Mam 22lata, ćwiczę od 7 lat na siłowni nieprzerwanie. Dwa lata temu naderwałem więzadła w kolanie i przestawiła mi się rzepka. Kolano jakoś się zaleczyło rzepka też nie wyskakuje (odpukać) a teraz zostałem wezwany na testy sprawnościowe. Mam do zrobienia 1km w czasie 2.50m, drążek, brzuszki i jakiś test wytrzymałościowy biegi skoki piłki lekarskie płotki itp czyli krótkotrwały intensywny wysiłek.
Zacząłem sie przygotowywać 2 tygodnie temu ważąc 109kg przy zatłuszczeniu około 19%, w tym momencie jest 95kg.
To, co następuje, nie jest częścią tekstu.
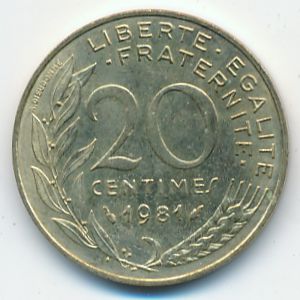 France, 20 centimes, 1981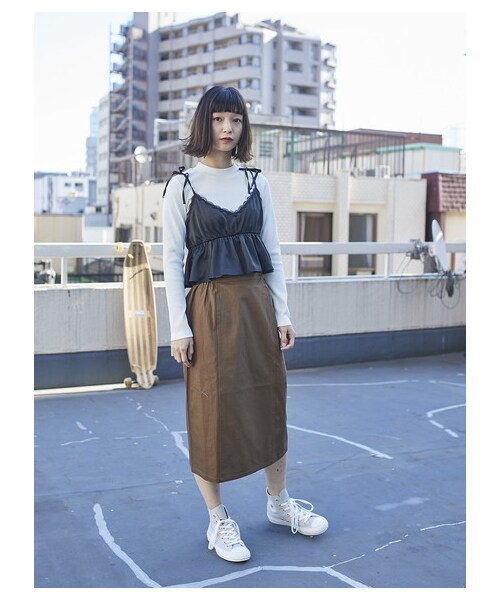 earth music&ecology（アースミュージックアンドエコロジー）の「SET2点 リブプルオーバー+キャミソール（トップス・ブラック/ミント/ラベンダー・F）」の2枚目の写真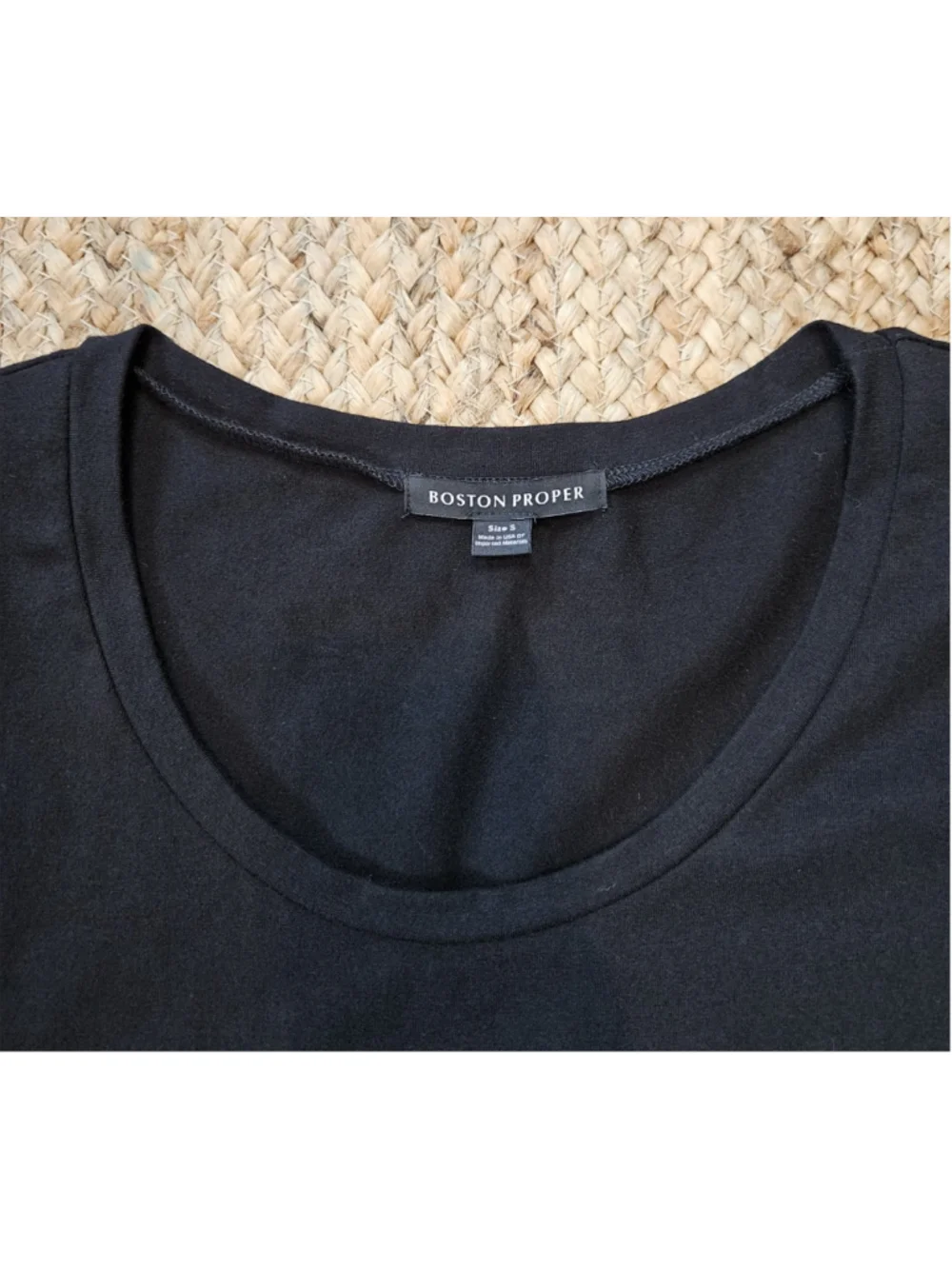 Boston Proper Lacey Black Long-Sleeve Top Shirt S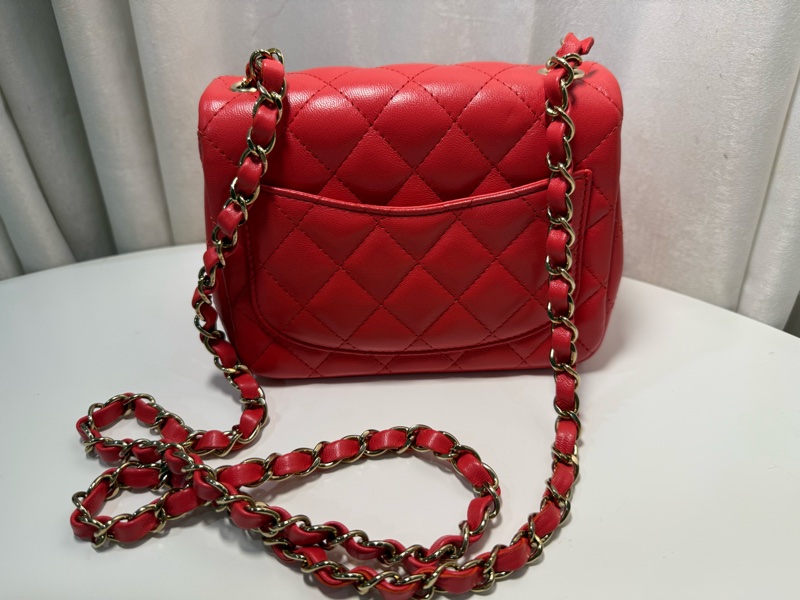全新全配🖤CHANEL 經典款❤️甜美紅色方胖子芯片款-4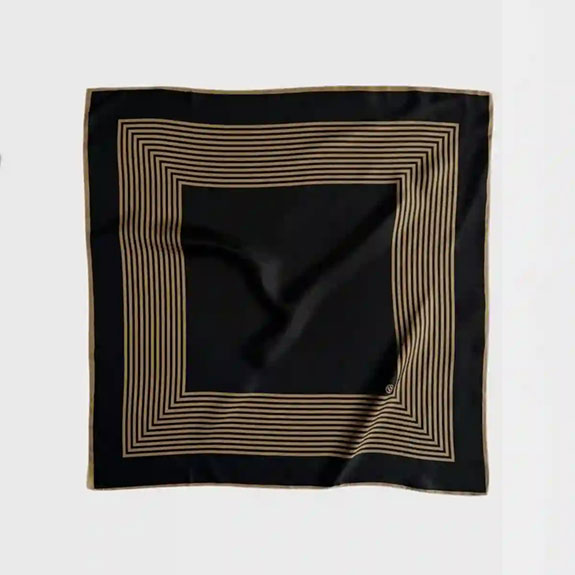 Silk Scarf Striped Black Gold 80cm LESCARF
Moje zapotrzebowanie to na chwilę obecną 3450kcal, spożywam w ciągu dnia 1.5tyś ze względu na to że muszę schudnąć maxymalnie aby podołać i poprawić te mierne wyniki(tj. kilometr zrobiłem w 3.47m)
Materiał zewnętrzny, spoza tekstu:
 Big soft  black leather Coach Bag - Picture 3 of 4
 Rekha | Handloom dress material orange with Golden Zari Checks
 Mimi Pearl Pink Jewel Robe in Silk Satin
Dieta 200g białka węgle napoziomie 80-100g same złożone, tłuszcze zminimalizowane niemalże do zera. Wspomagam się tylko bcaa przed treningiem aerobowym witaminami i kolagenem+żelatyną.
Trening to trening obwodowy 3-4obwody na treningu zajmujące mi 20-22minuty i idę 30min biegać na orbitreku bądź bieżni do tego 2x w tygodniu trening w plenerze 5km truchtem. Trening codziennie brzuszki 5x20 pełnych + czasem cos dorzucam jeszcze
Teraz:
1. Czy rzucenie fajek 2 tygodnie przed testami mi coś da? (strasznie sape podczas wysiłku mocniejszego)
2. Zależy mi aby poprawić tylko czas na kilometr, brzuszki oraz mieć lepszą wytrzymałość bo drążek daje radę z dużym zapasem
3. Zamierzałem przerwać wszystkie treningi na 5 dni przed startem celem zregenerowania mięsni i przemęczonego organizmu
4. Czy ładowanie węglami ma sens w dniu poprzedzającym egzamin do pełna przed snem?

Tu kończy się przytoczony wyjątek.